In some respects this is the key assumption, at least for the intuition behind the Sumner critique. However, Rowe and Power show in the paper that even if the game is simultaneous Nash – i.e., Congress and the Fed set their policies at the same time without seeing what the other player is going to do – AD ends up being equal to AD*M. In other words, the Sumner critique still holds.
It is true that if Congress is modeled as the Stackelberg follower, than AD ends up higher than desired by the central bank (but still not as high as Congress wants it). But this assumption seems implausible.
The one argument that could be made here is that monetary policy impacts the economy with long lags. This actually what many argue, saying for example that the Fed is unable to offset spending cuts like the sequester since any actions it takes won’t have any effect until it is too late.
Such an argument is worthy of another post, but suffice it to say that the supposed problem of monetary policy lags is vastly overblown. As most economists accept today and all dominant DSGE models assume, the most important aspect of monetary policy is its effects on expectations. If the Fed is expected to offset spending cuts, even if it cannot do so right away, the fact that it is expected to do so in the near future is highly stabilizing.
Assumption 3: “The Fed’s reaction function is invariant to fiscal policy.”
This assumption was pointed about by Noah Smith.

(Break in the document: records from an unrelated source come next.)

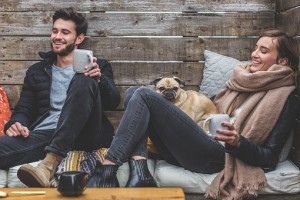 Couple with dog cosy and drinking coffee 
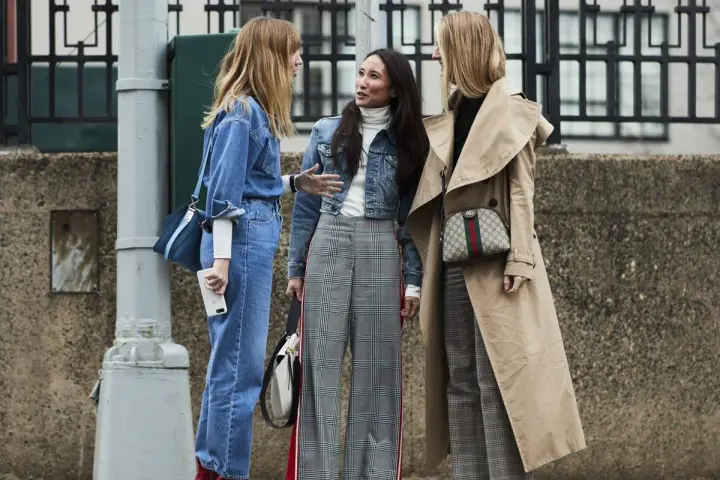 Tres mujeres conversan, una con un traje completo de **denim**, otra con chaqueta **denim** y pantalones a cuadros, y la tercera con un abrigo beige y pantalones a cuadros.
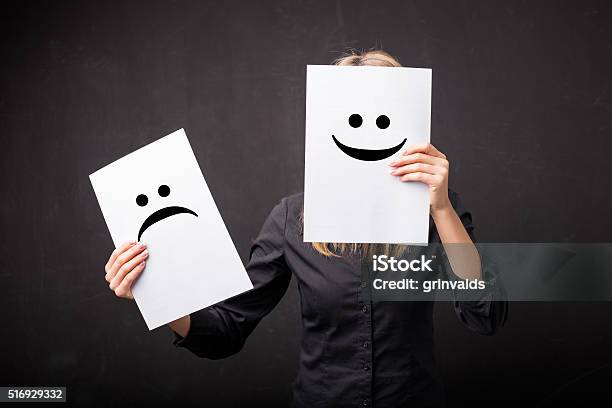 Woman Changing Smileys On Her Face Stock Photo - Download Image Now - Positive Emotion, Change, Emotion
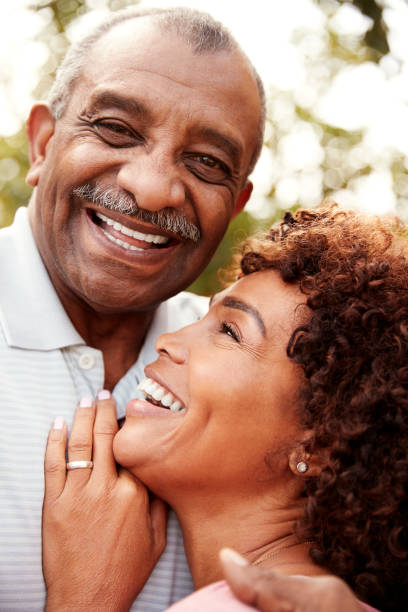 istock Senior black man and his middled aged daughter embracing and laughing, vertical 1136780384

I quote his example: “Consider a world in which the Fed targets a 3% growth rate for NGDP if there is no stimulus, but raises the growth rate target in the event of a stimulus. In this case, it would make perfect sense to say "fiscal stimulus increased NGDP growth," in the sense that we normally think of causality.”
This is an important point, but there doesn’t seem to be any reason to believe that the Fed’s goals change if Congress changes the level of fiscal policy.
In conclusion, the important assumptions underlying the simple model outlined above that demonstrates the Sumner critique seem reasonable.